● WORK ITEM
Only one span of the material below is wanted. Output it exactly, from the line with "Raised vegetable, flower" through the line with "A sign for CHAMP Burgers, Fries, and Shakes.", without any pictures.

**** DATASET ENTRIES

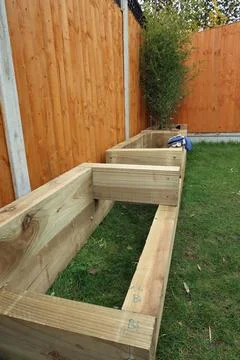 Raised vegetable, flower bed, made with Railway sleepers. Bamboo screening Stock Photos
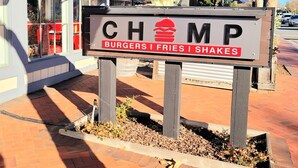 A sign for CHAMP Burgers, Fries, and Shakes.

********
**** DATASET ENTRIES

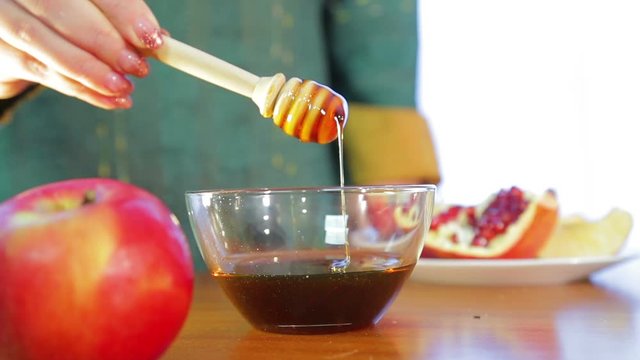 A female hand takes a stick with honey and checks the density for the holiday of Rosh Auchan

********
**** DATASET ENTRIES

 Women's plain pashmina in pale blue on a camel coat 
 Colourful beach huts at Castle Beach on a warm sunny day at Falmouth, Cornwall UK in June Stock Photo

********

● SOLUTION TO THIS TASK
 Raised vegetable, flower bed, made with Railway sleepers. Bamboo screening Stock Photos
 A sign for CHAMP Burgers, Fries, and Shakes.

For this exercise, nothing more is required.